[WORK TO BE COMPLETED]: In your copy, repeat each record exactly and include no pictures.

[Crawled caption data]
◇ ◇ ◇ ◇ ◇ ◇ ◇

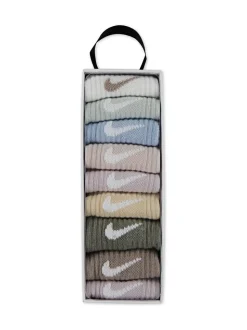 Lot de 9 paires de chaussettes Nike bébé en coffret cadeau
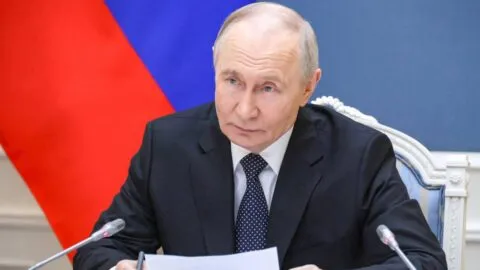 Putin llama a Cuba “país amigo”; afirma que sostiene contacto con EE. UU. respecto a la isla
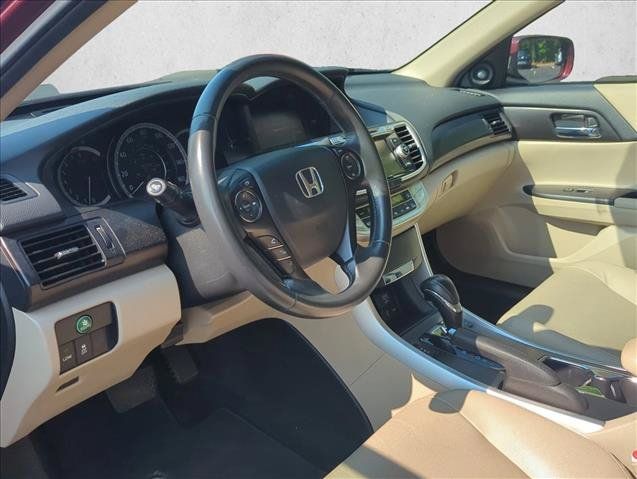 Used 2015 Honda Accord EX-L image 9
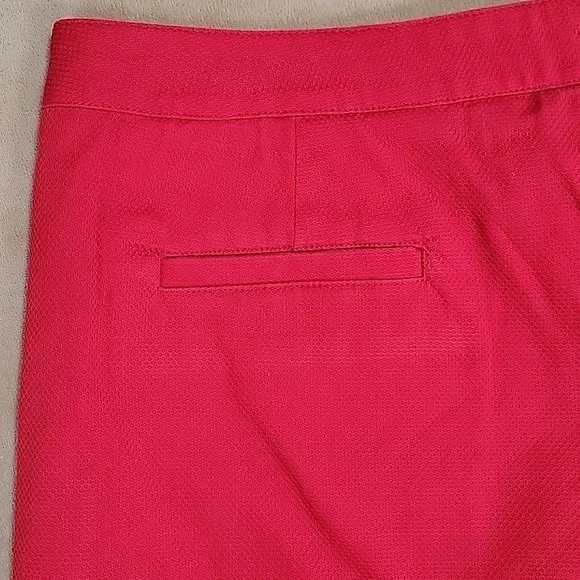 Liz Claiborne Liz Sport Red Bermuda Shorts Size 14 EUC - Picture 5 of 13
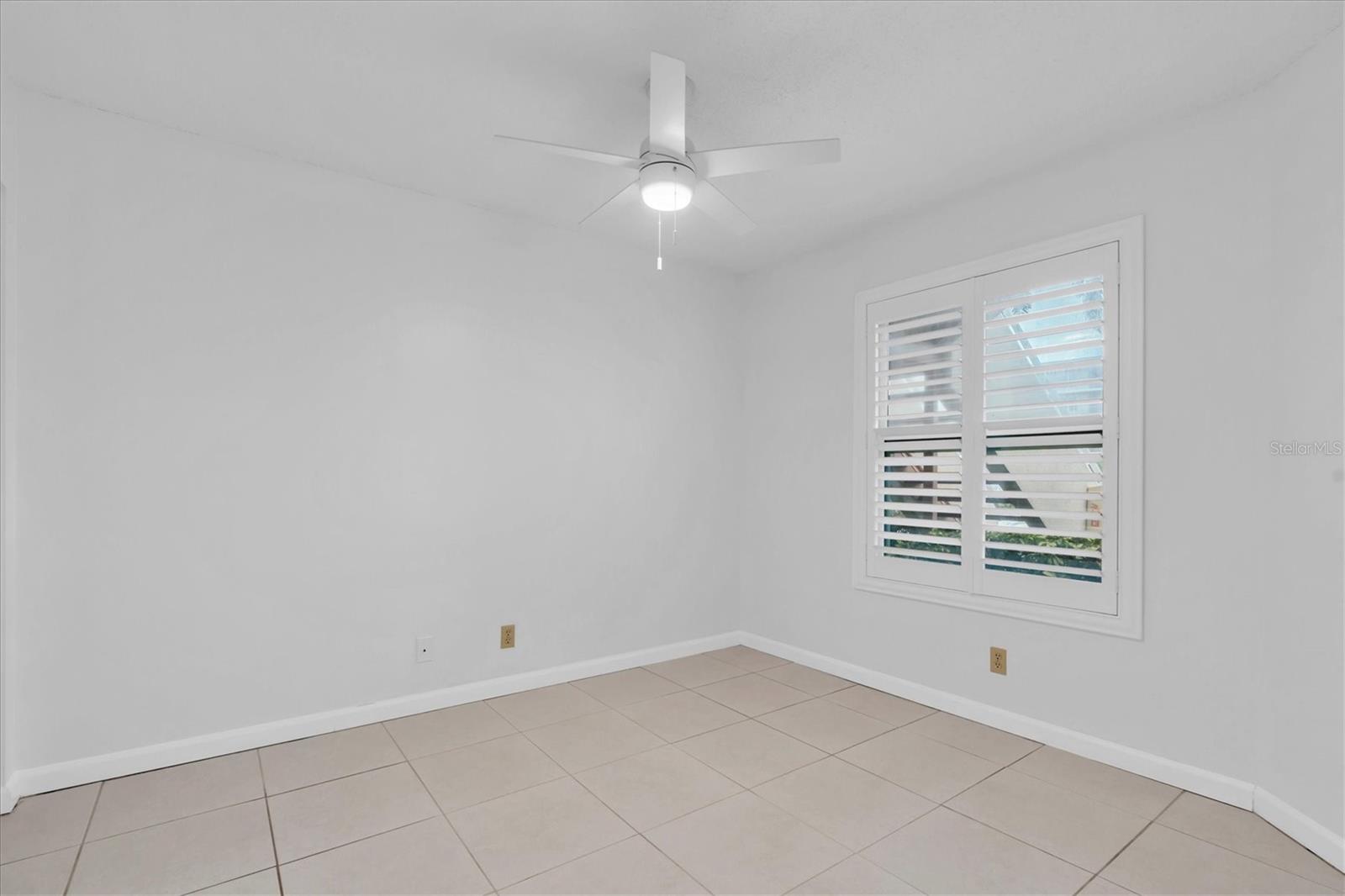 VISTA VERDE WEST - Residential Lease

◇ ◇ ◇ ◇ ◇ ◇ ◇

[SOLVED PROBLEM]:
 Lot de 9 paires de chaussettes Nike bébé en coffret cadeau
 Putin llama a Cuba “país amigo”; afirma que sostiene contacto con EE. UU. respecto a la isla
 Used 2015 Honda Accord EX-L image 9
 Liz Claiborne Liz Sport Red Bermuda Shorts Size 14 EUC - Picture 5 of 13
 VISTA VERDE WEST - Residential Lease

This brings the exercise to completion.